Our Post-Soviet History Unfolds: Poems

Eleanor Lerman

Eleanor Lerman, whose last collection, The Mystery of Meteors (2001), was named by Library Journal as “Best of Poetry, 2001,” returns with a dazzling, funny, and seriously mature new book.

In Our Post-Soviet History Unfolds, Lerman boldly wrests contemporary mysticism from a hard-knock New York Jewish consciousness. She’s a solid witness to the 1960s, Cold War, Vietnam, sexual revolution, and drugs. However, in her favor, she’s traveled through baby boomer irony, bought the T-shirt, and found her way back.

 

The Singers I Prefer: Poems

Christian Barter

Trained as a musician and composer, Barter’s poems are driven by the rhythm and lyricism, punctuated with occasional dissonances that startle the reader with profound perceptions hidden within deceptively straightforward “melodies.” Whether exploring the misadventures of youth or the petty defeats of encroaching middle age, Barter evokes the bittersweet feeling of being “sad in the deep-sweet way/that gods are sad for all that will/never be.”

 

Refusing Heaven: Poems

Jack Gilbert

More than a decade after Jack Gilbert’s The Great Fires, this highly anticipated new collection shows the continued development of a poet who has remained fierce in his avoidance of the beaten path. In Refusing Heaven, Gilbert writes compellingly about the commingled passion, loneliness, and sometimes surprising happiness of a life spent in luminous understanding of his own blessings and shortcomings: “The days and nights wasted…Long hot afternoons / watching ants while the cicadas railed / in the Chinese elm about the brevity of life.” Time slows…

 

Facts About the Moon: Poems

Dorianne Laux

In her powerful fourth collection, Dorianne Laux once again strikes fire from neighborhood moments: a quiet street at dusk, a pool hall, a bare tree. Focusing on the grace of working people, she captures the pain and beauty of women in all their variety, caught in the “lunar pull” of our time.

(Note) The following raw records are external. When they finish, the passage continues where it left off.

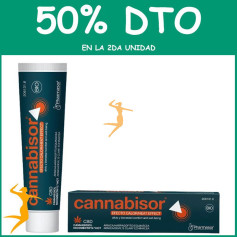 CANNABISOR EFECTO CALOR POMADA 60ML SORIA NATURAL OFERTA 2 UD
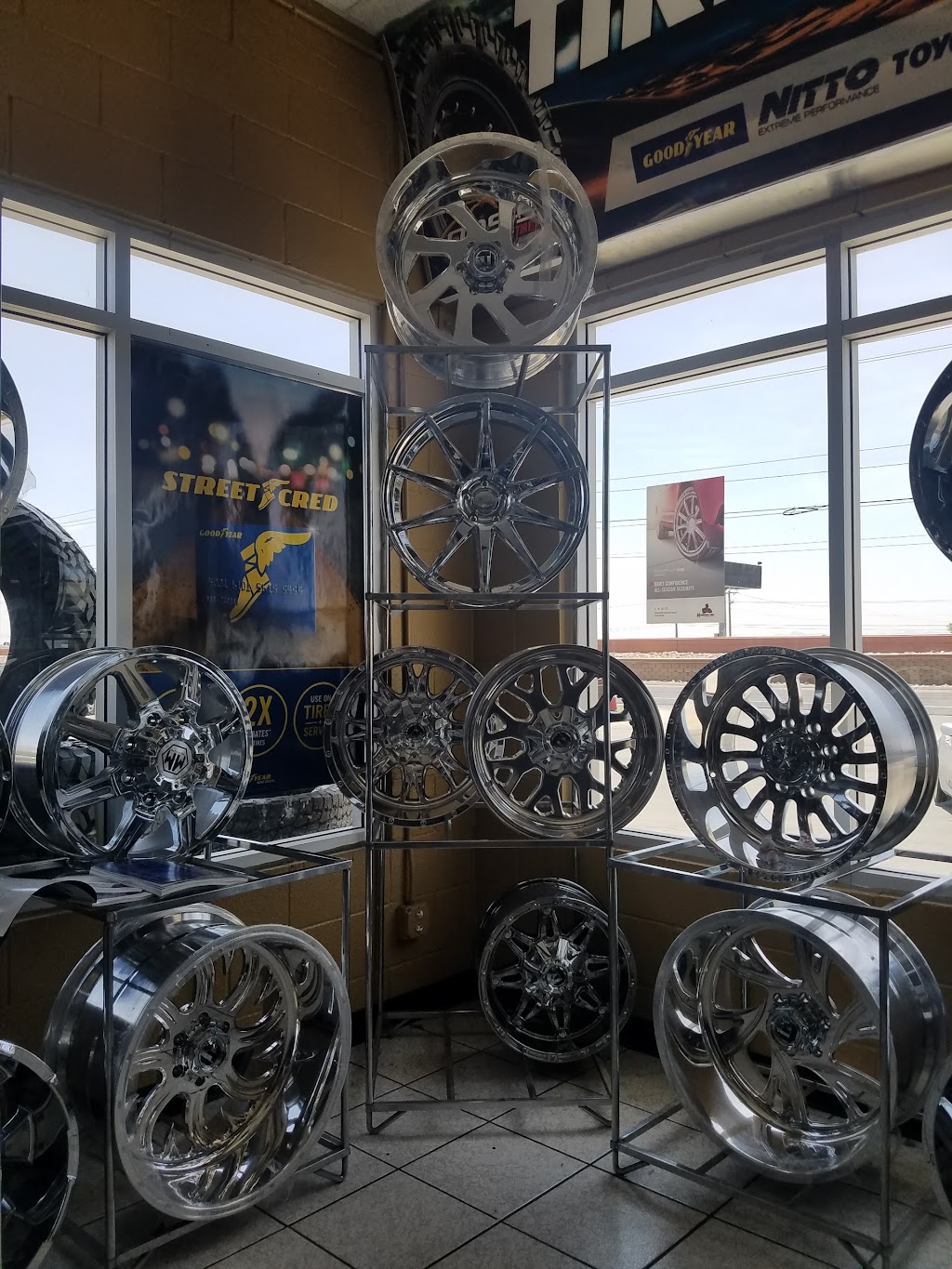 Oasis Tires & Wheels - 2110 Joe Battle Blvd, El Paso, TX 79938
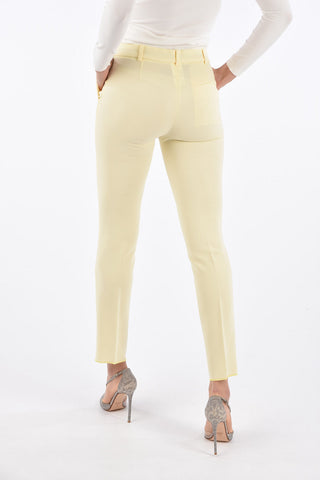 STUDIO Pantalone Senza Orlo JERTA con Chiusura a Scomparsa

“Laux writes gritty, tough, lyrical poems that depict the actual nature of life in the West today.” —Philip Levine

 

The Incentive of the Maggot: Poems

Ron Slate

In his prize-winning debut collection, Ron Slate seeks out the intersections of art, technology, and humanity with intelligence, wit, and fervor. His unique voice is informed by his world travels as a business executive. As Robert Pinsky writes in his introduction, Slate “brings together the personal and the global in a way that is distinctive, subtle, defying expectations about what is political and what is personal.” In Slate’s words, “Is this the end of the world? / No just the end / of the language that describes it.”